IN a recently released statement, Wentworth District Community Medical Centre Inc. (WDCMC) said that to highlight the fact that Wentworth hasn’t had a GP clinic since February this year, they are now petitioning the New South Wales Parliament, in an effort to have something done to correct this malaise, which is severely disadvantaging their community.

With the loss of the GP clinic, also came the loss their pathology collection service.

WDCMC Establishment Group president, Glenis Beaumont said that the recent months have been full of anxiety for locals as they try to find alternate GPs, arrange transport and negotiate with GP clinics, many of which have limited capacity for new clients.

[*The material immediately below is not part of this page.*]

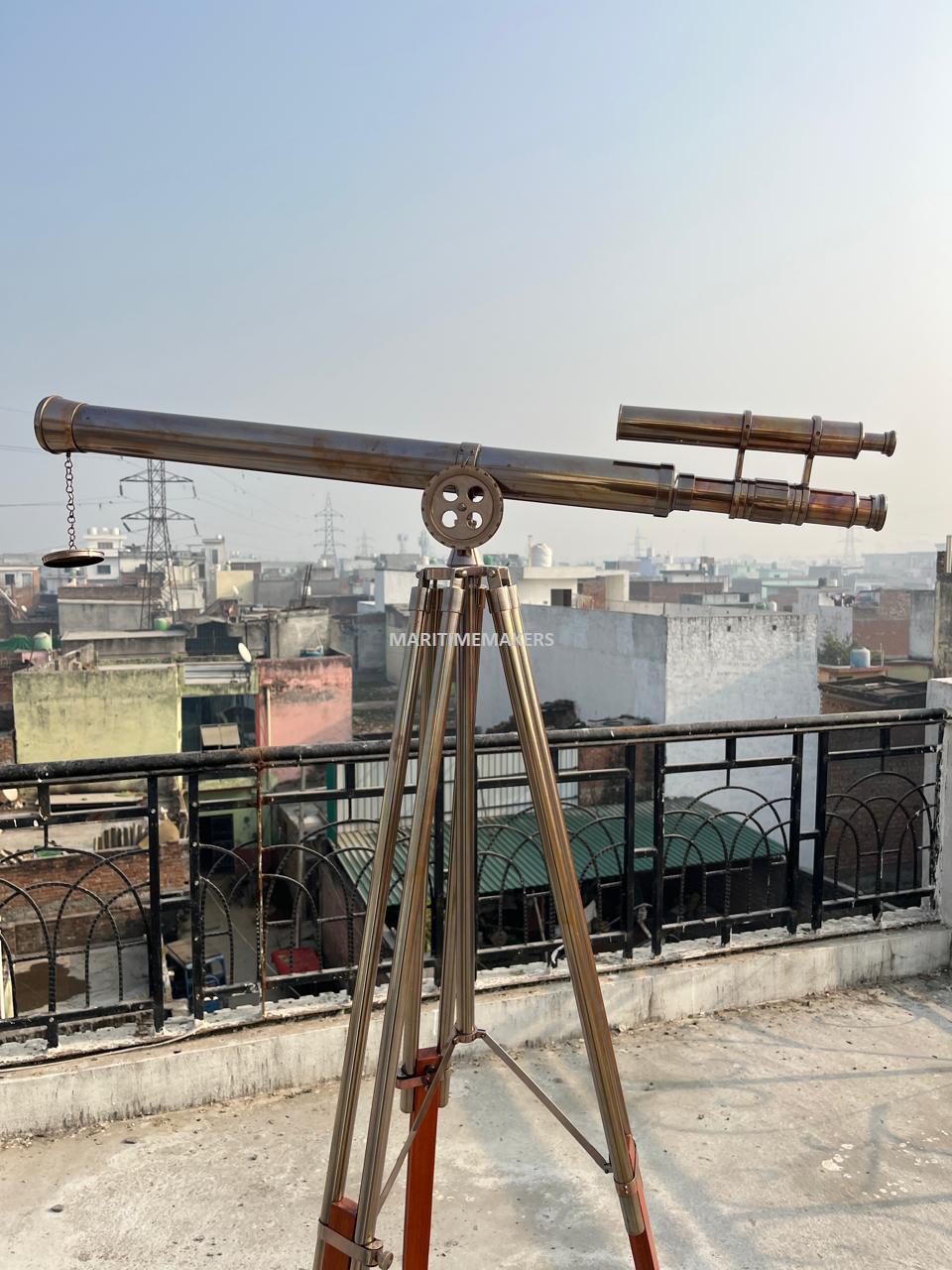 Custom Engraved Vintage Brass Telescope on Wooden Tripod – Nautical Luxury Gift for Office & Home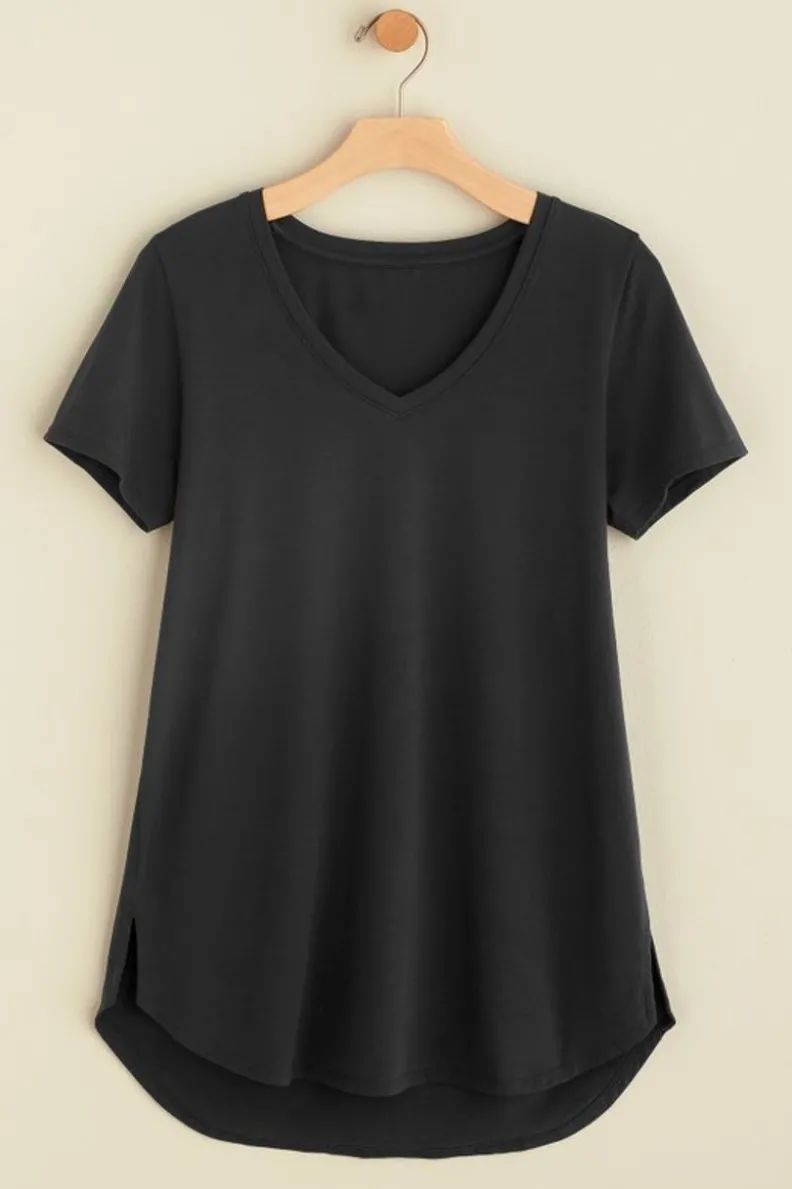 Soft Surroundings Soft Essential Supima Isabel Short Sleeve Tunic| Tops|Tunics & Leggings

“WDCMC is a local not for profit incorporated association of community members who continue to seek solutions to the absence of full-time local GPs in Wentworth through all avenues available including media, Far West Local Health District, Wentworth Shire Council and politicians,” she said.

“Currently WDCMC has a petition underway to the NSW Parliament to raise awareness of Wentworth’s lack of a GP clinic, lack of full-time doctors and lack of critical health infrastructure.

“Our petition specifically refers to two poor health statistics for Wentworth.”

The statistics referred to relate to ‘potentially avoidable deaths’, which are those that occur before age 75 years, and are caused by conditions that are potentially preventable through individualised care and or treatable through existing primary health care (doctors) or hospital care.

The other key statistic relates to ‘potentially preventable hospitalisations’ being those conditions for which hospitalisation is considered potentially avoidable through preventive care and early disease management, usually delivered in an ambulatory setting, such as primary health care (doctors).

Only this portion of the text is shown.